### Instructions for the task:
Write out exactly the lines from the one holding "Elegant Green &" to the last line of the entries, both ends included and nothing else, without the pictures.

-*-

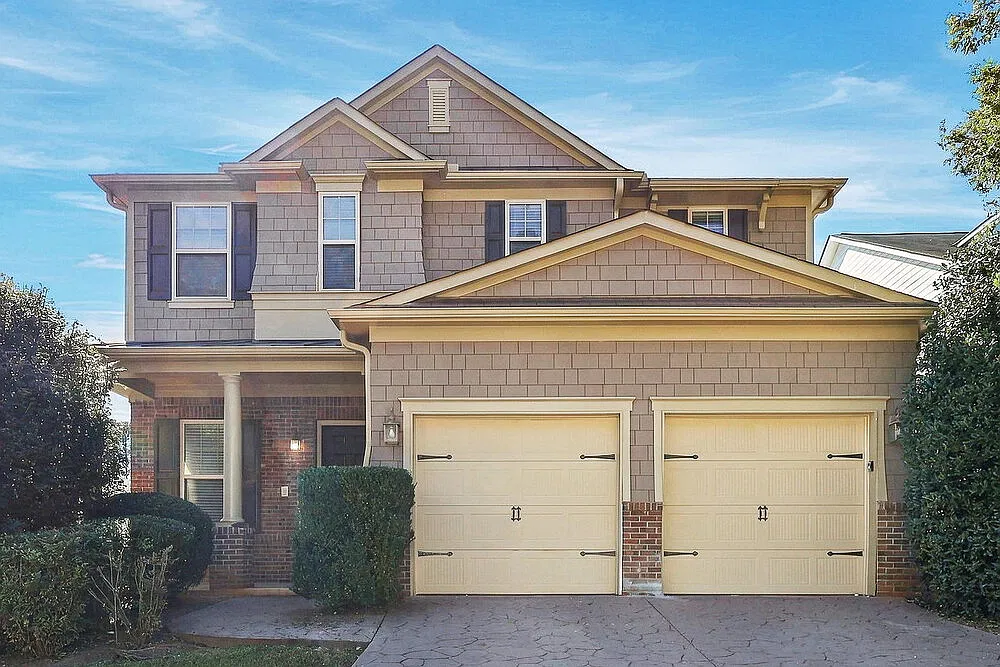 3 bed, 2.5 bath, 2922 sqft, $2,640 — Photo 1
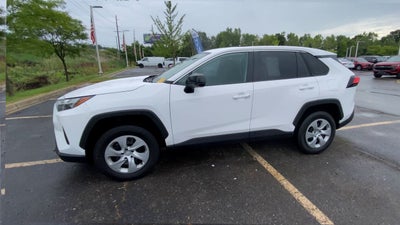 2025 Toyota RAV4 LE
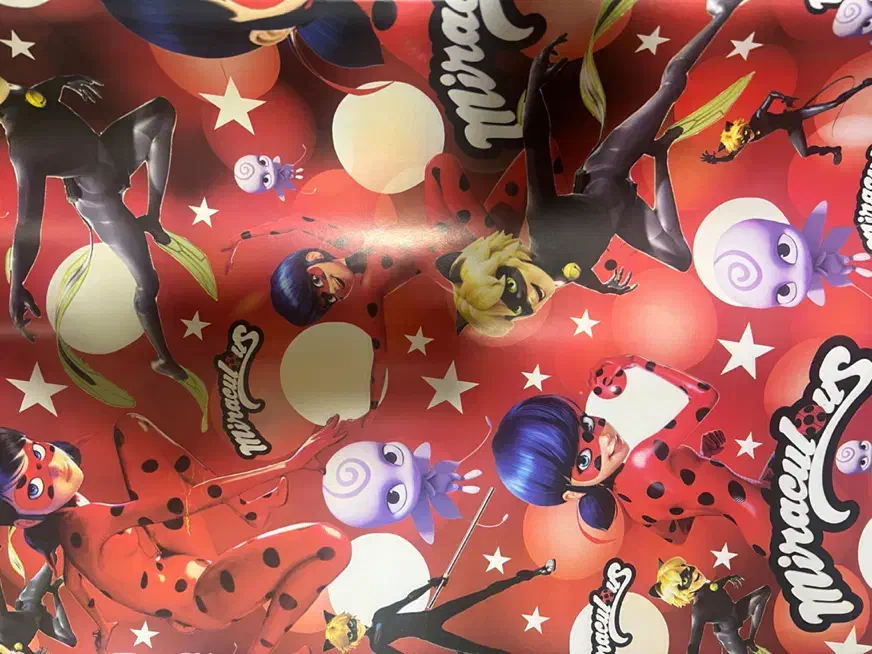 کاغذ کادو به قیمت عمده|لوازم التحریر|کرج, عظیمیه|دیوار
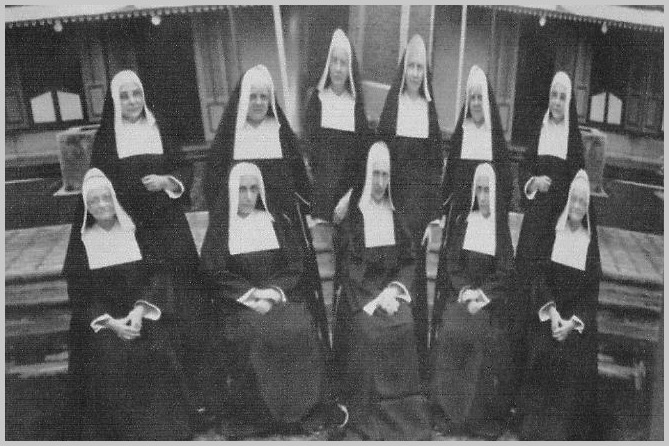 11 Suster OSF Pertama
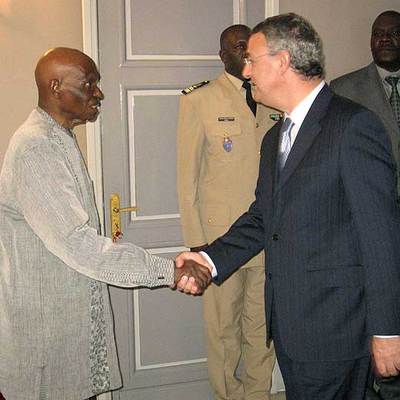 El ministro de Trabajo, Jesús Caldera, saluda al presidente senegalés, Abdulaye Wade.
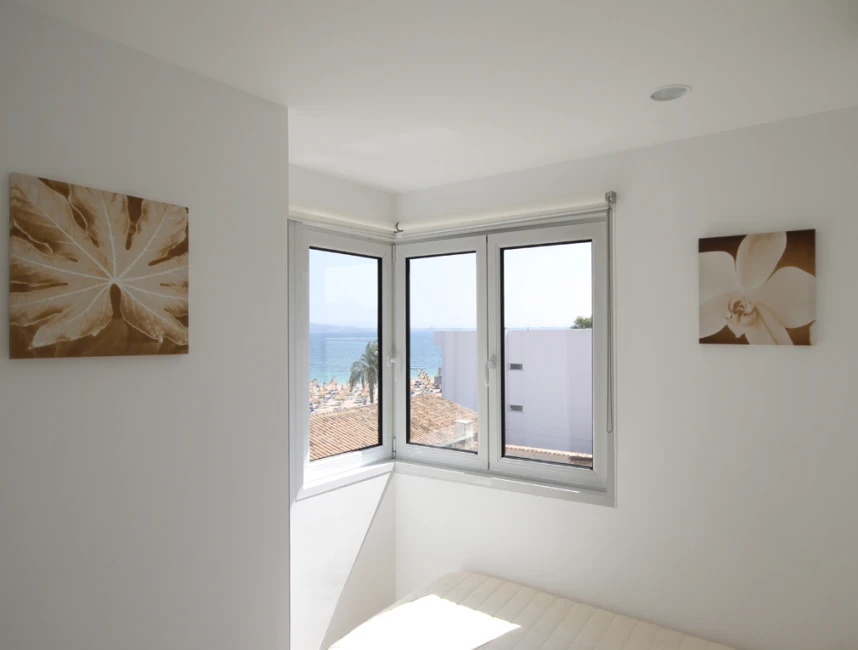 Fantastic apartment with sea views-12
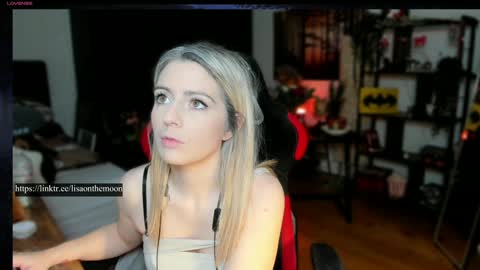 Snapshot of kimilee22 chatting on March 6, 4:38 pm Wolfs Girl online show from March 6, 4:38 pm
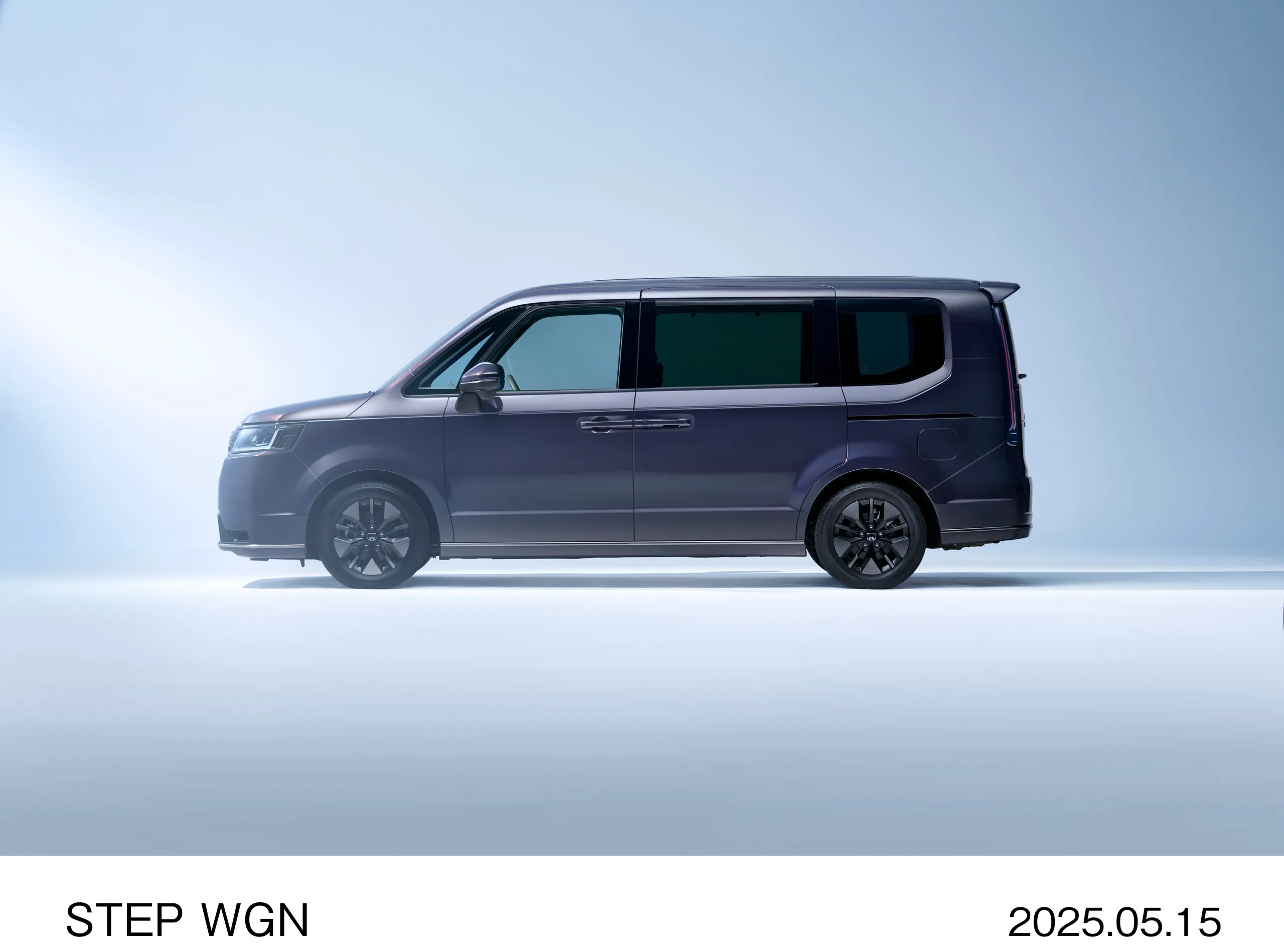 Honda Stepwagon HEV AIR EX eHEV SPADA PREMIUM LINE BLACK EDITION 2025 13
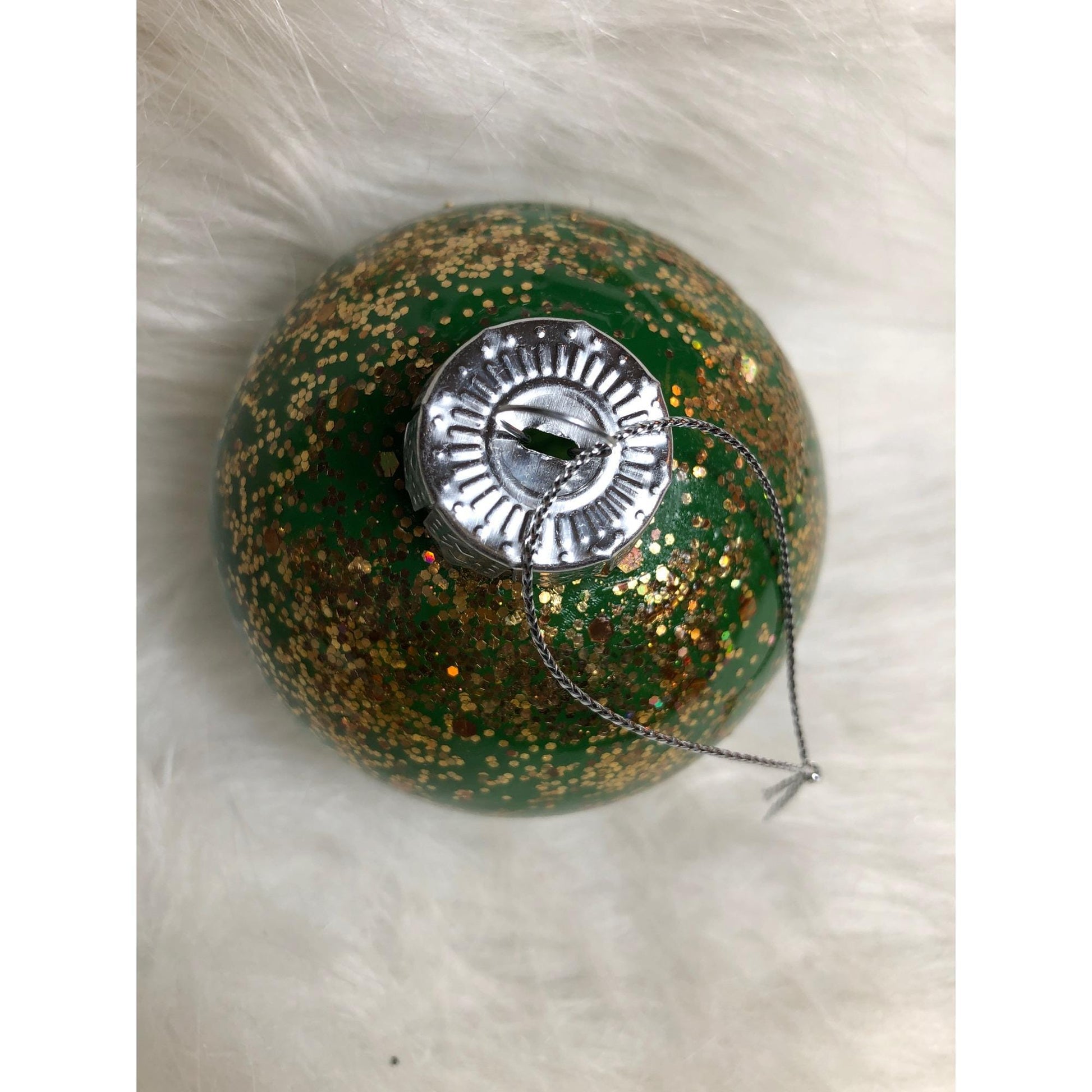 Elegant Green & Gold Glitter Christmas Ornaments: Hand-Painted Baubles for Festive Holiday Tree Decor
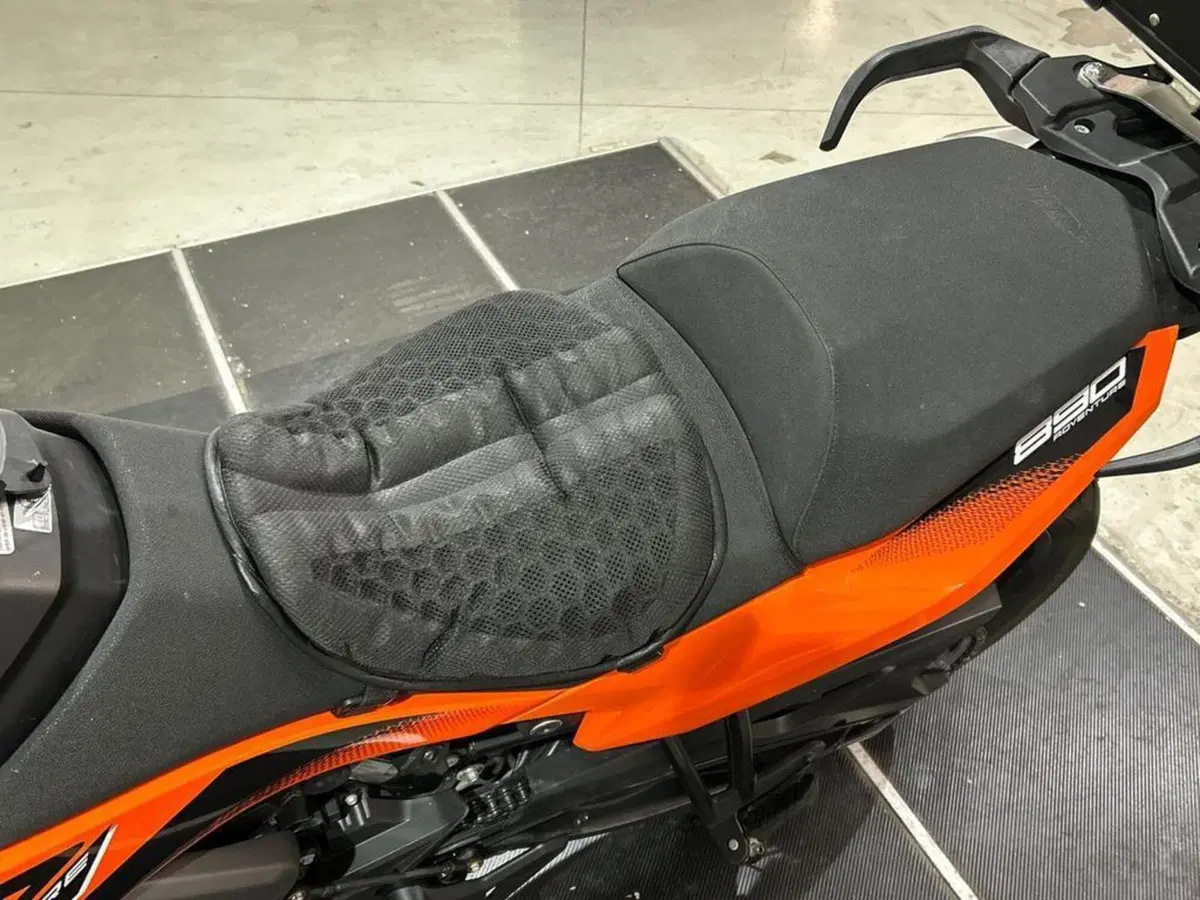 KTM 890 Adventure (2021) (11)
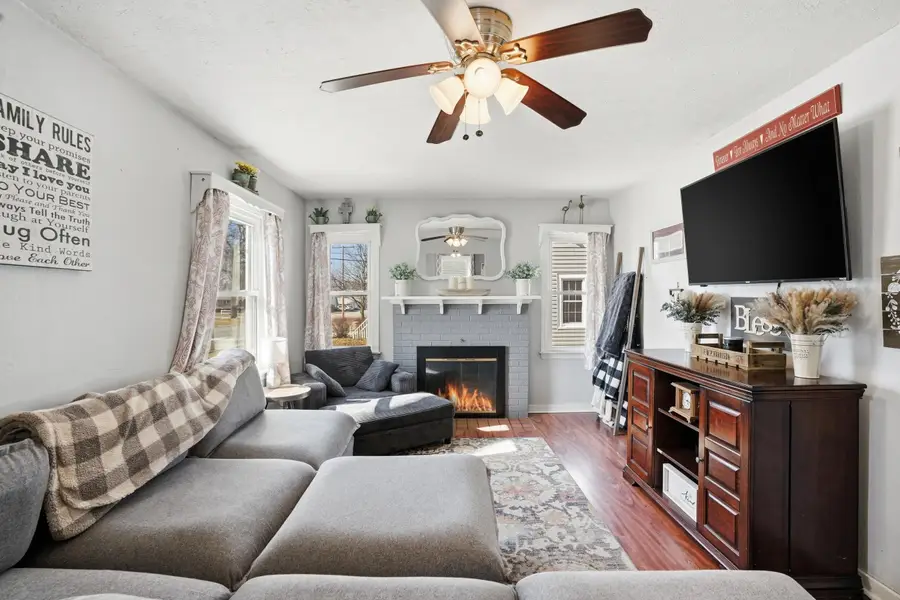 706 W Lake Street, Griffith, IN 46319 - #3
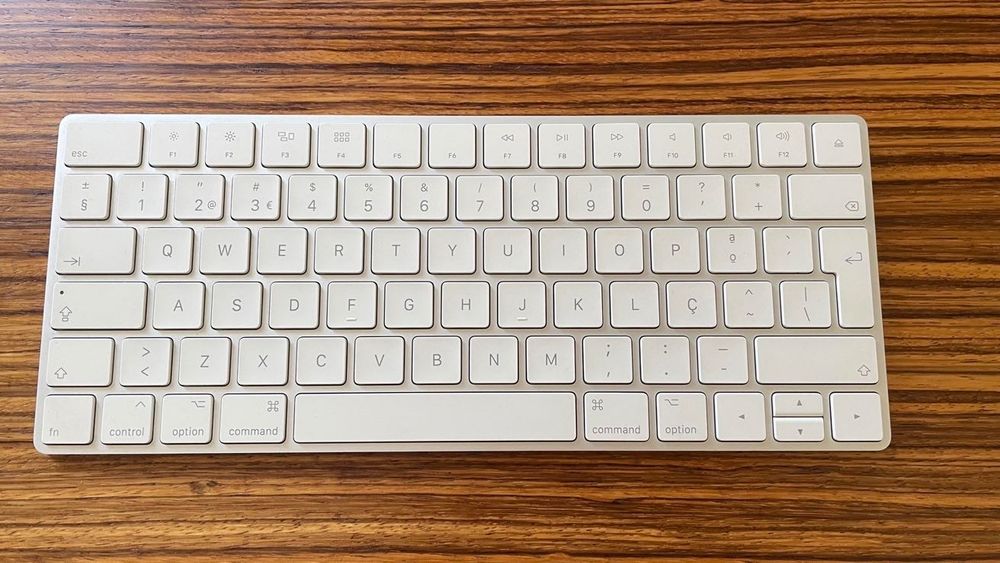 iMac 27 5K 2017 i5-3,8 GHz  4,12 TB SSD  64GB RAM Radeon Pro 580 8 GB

-*-

### Result of the exercise:
 Elegant Green & Gold Glitter Christmas Ornaments: Hand-Painted Baubles for Festive Holiday Tree Decor
 KTM 890 Adventure (2021) (11)
 706 W Lake Street, Griffith, IN 46319 - #3
 iMac 27 5K 2017 i5-3,8 GHz  4,12 TB SSD  64GB RAM Radeon Pro 580 8 GB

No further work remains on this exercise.